Published online by Cambridge University Press: 05 February 2014
Introduction
MEMS devices, unlike conventional ICs, contain movable fragile parts that must be packaged in a clean and stable environment. The package or encapsulation should not only offer protection to the MEMS during operation but also during fabrication. The specific ambient (i.e. gas composition and pressure) of the package housing depends on the type of RF MEMS. For instance, switches are preferably housed in an inert ambient (e.g. dry nitrogen) at, or slightly below, atmospheric pressure. The same applies to RF MEMS variable capacitors and tuneable inductors. Micromechanical resonators, on the other hand, require a high level of vacuum (e.g. ambient pressure <1 Pa) to attain high-frequency stability and to have sufficiently low damping at resonance. Practically, all MEMS are adversely affected by corrosive ambients like moisture. To ensure stability of the MEMS, the package must offer hermetic (or near-hermetic) seals. Sealing and encapsulation are crucial to provide the required reliability of the packaged devices.

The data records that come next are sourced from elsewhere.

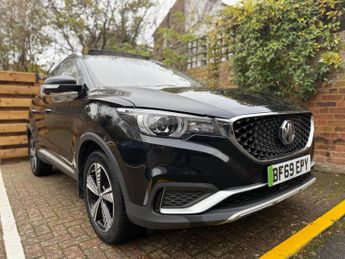 MG ZS 44.5kWh Exclusive Auto 5dr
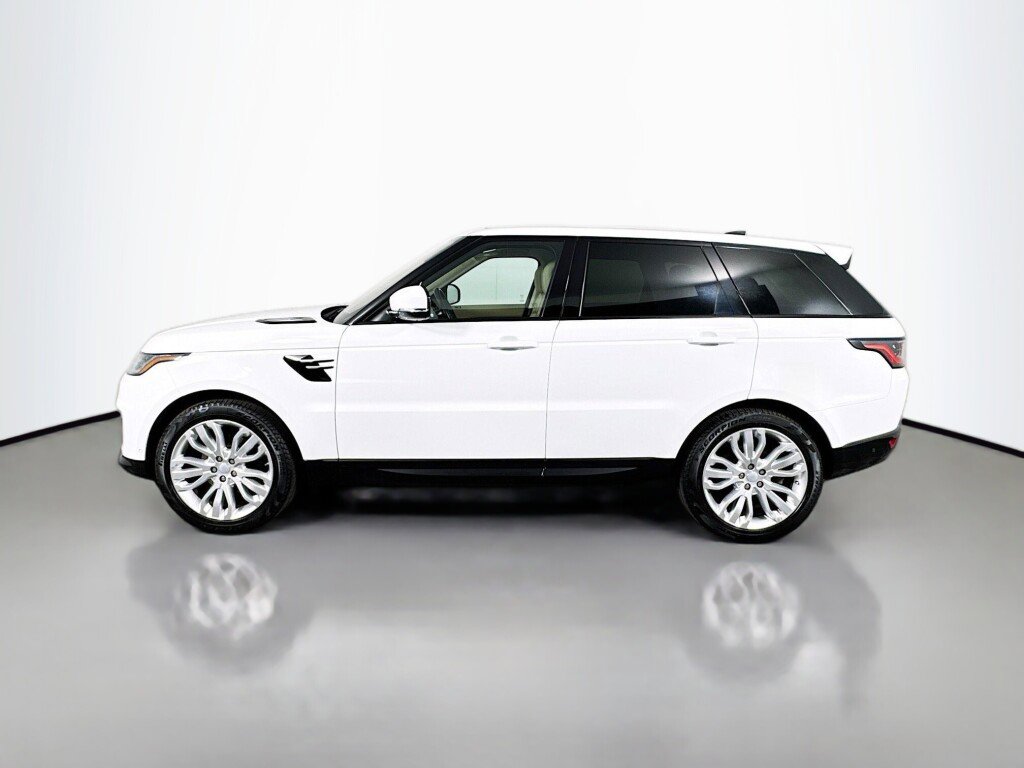 Used 2020 Land Rover Range Rover Sport HSE image 2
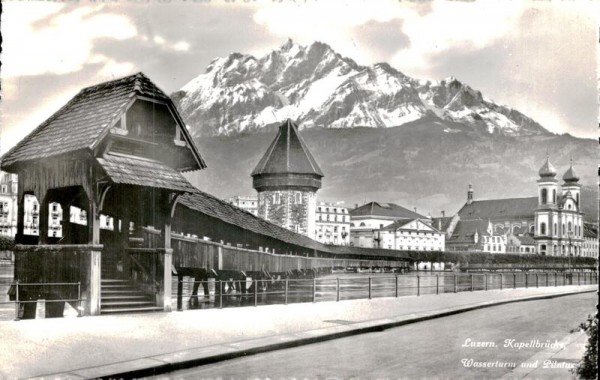 Luzern, kapellbrücke, Wassertrum und Pilatus Vorderseite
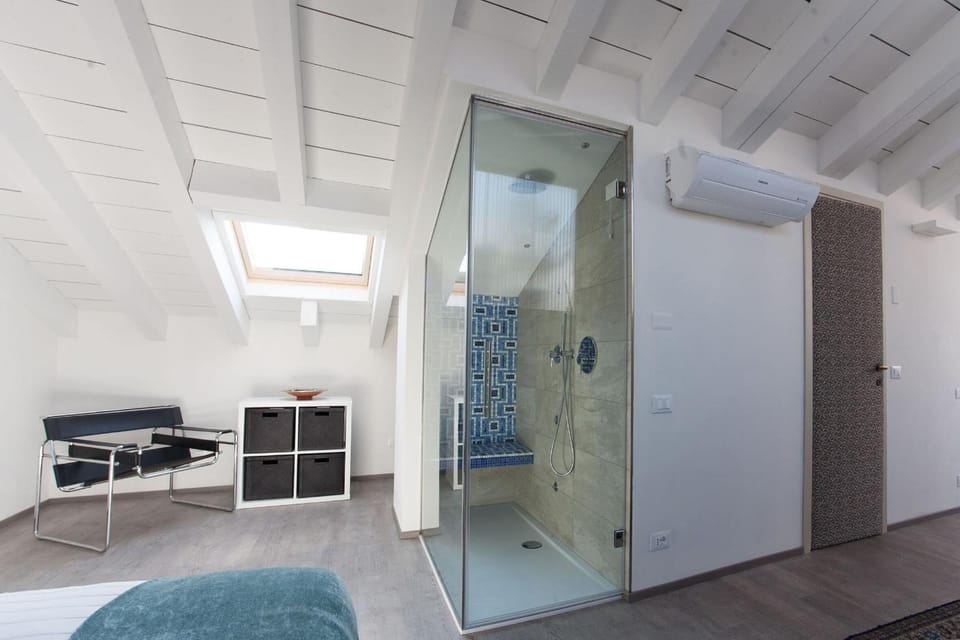 Premium bedding, down comforters, soundproofing, free WiFi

Essentially, two approaches for device encapsulation can be defined. Encapsulation can be accomplished using conventional 1-level ceramic (e.g. LTCC), AlN or metal canister (usually abbreviated to ‘can’) packages [1]. The 1-level package consists of the chip’s capsule and associated leads for interconnecting the chip to the outside world [1]. For ceramic packages, encapsulation can be achieved by soldering or brazing a ceramic cap or lid to a metal sealing ring on the substrate, thus defining the cavity housing of the MEMS device [1–4]. Metal hermetic packages are commonly welded, soldered or brazed [1, 4, 5]. Cavity formation during 1-level packaging is an established method and allows a certain flexibility with respect to the composition of sealing gas and pressure, but ceramic or metal packages are expensive. The high cost of 1-level packaging is viable for telecommunications base stations, satellites and defence systems, but not for high-volume applications like mobile phone handsets. Furthermore, 1-level packaging poses technological complications – mainly due to handling of the MEMS after their release. For instance, the standard wafer sawing or the injection moulding process of plastic packages cannot be used, because it may destroy or contaminate the released MEMS device. Once the wafer is diced, the MEMS chips must be handled in an extremely clean environment, because cleaning in a liquid is no longer possible at this stage. All this suggests that packaging is preferably carried out during wafer processing, prior to die singulation.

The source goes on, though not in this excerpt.